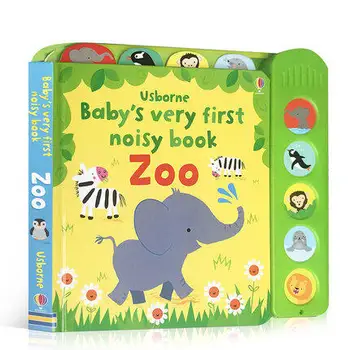 MiluMilu bebeğin İlk Gürültülü Kitap Hayvanat Bahçesi Buku İngilizce Orijinal resimli kitap Bebek Öğrenme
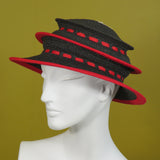 Pop Up, Black with Red Edge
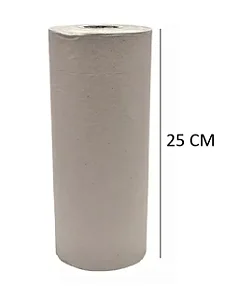 BOBINA PAPEL HD 25CM ROLO UND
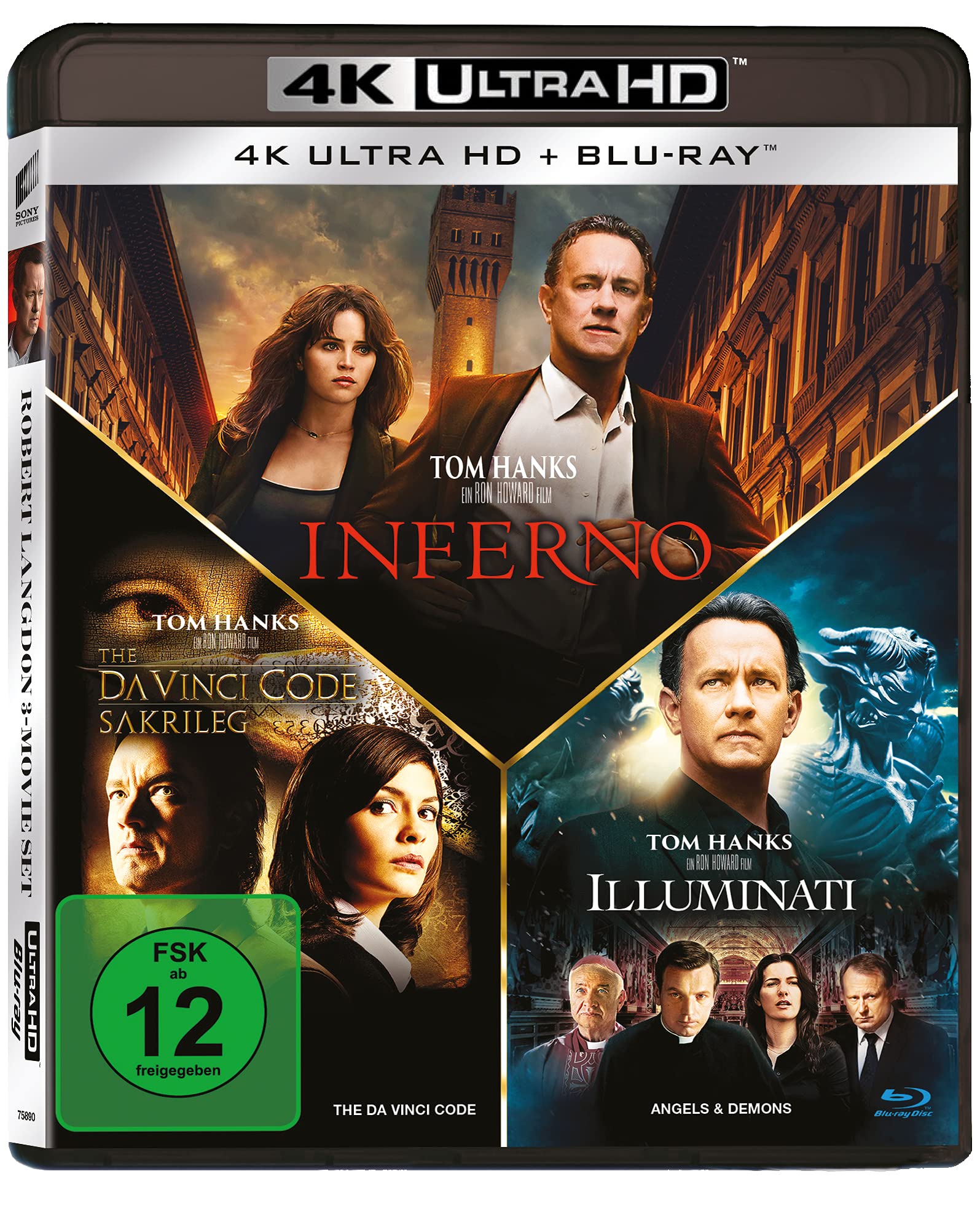 Illuminati / Inferno / The Da Vinci Code - 6-Disc-Set (3xUHD, 3xBD, exklusiv, limitiert) Films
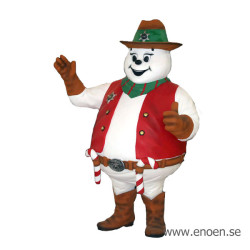 STOR WESTERN SNÖGUBBE “SHERIFF” 225 CM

* * * * * * * * *

#### TASK:
Go through the records above and write out every line exactly, passing over the pictures.

#### RESPONSE TO THIS TASK:
 MiluMilu bebeğin İlk Gürültülü Kitap Hayvanat Bahçesi Buku İngilizce Orijinal resimli kitap Bebek Öğrenme
 Pop Up, Black with Red Edge
 BOBINA PAPEL HD 25CM ROLO UND
 Illuminati / Inferno / The Da Vinci Code - 6-Disc-Set (3xUHD, 3xBD, exklusiv, limitiert) Films
 STOR WESTERN SNÖGUBBE “SHERIFF” 225 CM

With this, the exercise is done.